Using the Legion GUI

Table of Contents
1. Menu bar
2. View windows
3. Context folders
4. GUI text files vs. Legion BasicFileObjects
5. Memos
Other GUI pages
Other on-line tutorials & documentation
Other GUI pages:
Click on the to move to the selected text.

A note on this page's style conventions: context path names are in a fixed font and the GUI's main menu bar command options are in green. If you need to click a series of options, they will be separated by a "|" pipe. For example, File | Import indicates that you need to go to the menu bar, click "File" and then click "Import".

1. Menu bar

When you open the GUI, the main GUI menu bar is displayed across the top of your screen. It consists of a title bar and menu bar. Any new view windows or dialog boxes that are called up will appear below the main menu bar. In order to display context space information, the GUI creates a highly structured memory cache in your computer. It gets this data from the Legion host computer via the port specified in the <PPP> argument when you started the GUI.

Legion context space can be quite large and complex, so the initial view shows the first three levels of context space, starting at the session root.

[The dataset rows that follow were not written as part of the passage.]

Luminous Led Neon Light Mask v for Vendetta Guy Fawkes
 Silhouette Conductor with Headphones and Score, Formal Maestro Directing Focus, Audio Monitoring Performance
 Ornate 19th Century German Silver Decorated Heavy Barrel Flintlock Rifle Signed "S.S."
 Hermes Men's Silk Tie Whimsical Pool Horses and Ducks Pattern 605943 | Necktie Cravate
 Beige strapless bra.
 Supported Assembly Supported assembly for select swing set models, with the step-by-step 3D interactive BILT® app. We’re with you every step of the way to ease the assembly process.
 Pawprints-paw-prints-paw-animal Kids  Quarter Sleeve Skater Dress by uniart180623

You can click the View | Branch extend or View | Tree extend commands on the main menu bar to see more levels.

2. View windows

You will also see a window displaying part of context space. This is known as a view window. Every view window has a view root. This will always be a context folder. The first view window displayed on startup uses the user context root path as its view root. This path is also called the session root and it represents the highest level of data contained in the GUI cache. Figure 2 shows a view window that uses /home/lcohen as its session root. A selected context, such as /home/lcohen/programs could act as view root in a new window, so that different windows could show different parts of context space. You can open multiple view windows from the main menu bar by clicking View | Add. Each view window's title bar shows its view root's context path (use this path to determine the full context path of any folder or member displayed in the view window). This view can be extended by selecting View | Extend on the main menu bar.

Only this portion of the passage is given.